### Available data
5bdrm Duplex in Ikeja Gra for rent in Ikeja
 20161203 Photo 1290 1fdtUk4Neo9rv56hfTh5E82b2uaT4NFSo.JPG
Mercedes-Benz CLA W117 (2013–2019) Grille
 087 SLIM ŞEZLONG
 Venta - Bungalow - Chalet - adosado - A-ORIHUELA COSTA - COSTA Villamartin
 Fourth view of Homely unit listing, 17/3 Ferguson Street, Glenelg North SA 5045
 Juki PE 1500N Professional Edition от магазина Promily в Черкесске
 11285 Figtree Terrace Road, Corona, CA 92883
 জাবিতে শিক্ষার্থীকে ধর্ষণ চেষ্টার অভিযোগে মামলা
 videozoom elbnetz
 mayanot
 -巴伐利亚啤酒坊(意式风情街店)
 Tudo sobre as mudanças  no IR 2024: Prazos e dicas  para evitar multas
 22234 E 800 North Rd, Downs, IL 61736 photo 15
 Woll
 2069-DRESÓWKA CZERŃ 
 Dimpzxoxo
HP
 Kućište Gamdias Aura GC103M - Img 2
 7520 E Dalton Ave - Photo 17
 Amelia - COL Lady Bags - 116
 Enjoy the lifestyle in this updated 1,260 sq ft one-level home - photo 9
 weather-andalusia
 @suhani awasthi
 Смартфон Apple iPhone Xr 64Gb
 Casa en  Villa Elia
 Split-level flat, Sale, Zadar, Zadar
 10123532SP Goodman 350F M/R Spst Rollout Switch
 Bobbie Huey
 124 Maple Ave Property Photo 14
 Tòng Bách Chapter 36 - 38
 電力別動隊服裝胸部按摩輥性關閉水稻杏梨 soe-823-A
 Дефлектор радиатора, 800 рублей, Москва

### Your instructions
Could you write out all of the data again, exactly as given?

### Response for this exercise
5bdrm Duplex in Ikeja Gra for rent in Ikeja
 20161203 Photo 1290 1fdtUk4Neo9rv56hfTh5E82b2uaT4NFSo.JPG
Mercedes-Benz CLA W117 (2013–2019) Grille
 087 SLIM ŞEZLONG
 Venta - Bungalow - Chalet - adosado - A-ORIHUELA COSTA - COSTA Villamartin
 Fourth view of Homely unit listing, 17/3 Ferguson Street, Glenelg North SA 5045
 Juki PE 1500N Professional Edition от магазина Promily в Черкесске
 11285 Figtree Terrace Road, Corona, CA 92883
 জাবিতে শিক্ষার্থীকে ধর্ষণ চেষ্টার অভিযোগে মামলা
 videozoom elbnetz
 mayanot
 -巴伐利亚啤酒坊(意式风情街店)
 Tudo sobre as mudanças  no IR 2024: Prazos e dicas  para evitar multas
 22234 E 800 North Rd, Downs, IL 61736 photo 15
 Woll
 2069-DRESÓWKA CZERŃ 
 Dimpzxoxo
HP
 Kućište Gamdias Aura GC103M - Img 2
 7520 E Dalton Ave - Photo 17
 Amelia - COL Lady Bags - 116
 Enjoy the lifestyle in this updated 1,260 sq ft one-level home - photo 9
 weather-andalusia
 @suhani awasthi
 Смартфон Apple iPhone Xr 64Gb
 Casa en  Villa Elia
 Split-level flat, Sale, Zadar, Zadar
 10123532SP Goodman 350F M/R Spst Rollout Switch
 Bobbie Huey
 124 Maple Ave Property Photo 14
 Tòng Bách Chapter 36 - 38
 電力別動隊服裝胸部按摩輥性關閉水稻杏梨 soe-823-A
 Дефлектор радиатора, 800 рублей, Москва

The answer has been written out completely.